Annotation:Miss Burnet's Reel
Back to Miss Burnet's Reel
MISS BURNET'S REEL. AKA and see "Miss Jane Stewart," "Miss Jane Stewart's Strathspey--Pittyvaich (1)," "Miss Jane Campbell's Strathspey," "Johnny Pringle" {Gow's title}. Scottish, Strathspey. G Major. Standard tuning (fiddle). AAB. Composed by William Marshall (1748-1833) and first published in an attachment (c. 1788) to his 1781 First Collection. In 1822 Marshall included it in his 1822 collection under the title "Miss Jane Stewart's Pittyvaich." The strathspey was called "Johnny Pringle" by Gow when he published it in his Repository, Part Third (1806), undoubtedly in honor of fiddler-composer John Pringle who had published the melody in 1801 under the title "Miss Jane Campbell's Strathspey." Alburger points out that the octave slur in the first measure forces movement to the third position to accomplish.
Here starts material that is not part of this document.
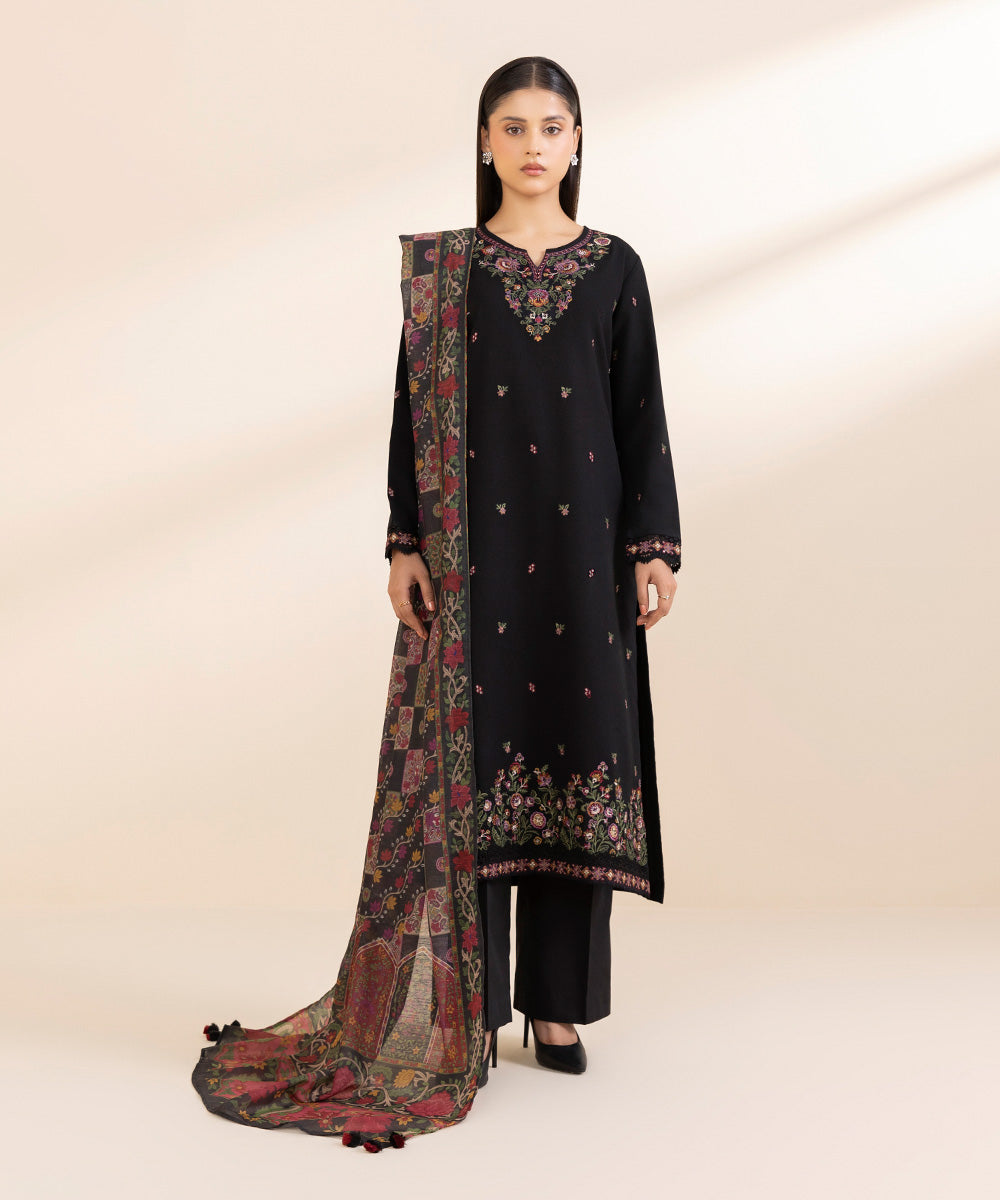 Women's Unstitched Cotton Karandi Embroidered Black 3 Piece Suit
Miss Burnet was the daughter of James Burnet (1714-1799), Lord Monboddo, and tragically died in “the bloom of her youth”, although not before being immortalized by being included among the subjects of several 18th century paintings. Her father, the Lord, was a man of letters and at the center of Edinburgh intelligencia of the time; he postulated a theory of the origin of the species prior to Darwin (Cowie, The Life and Times of William Marshall, 1999).
Source for notated version:
Printed sources: Alburger (Scottish Fiddlers and Their Music), 1983; Ex. 58, p. 86 ('A' part only).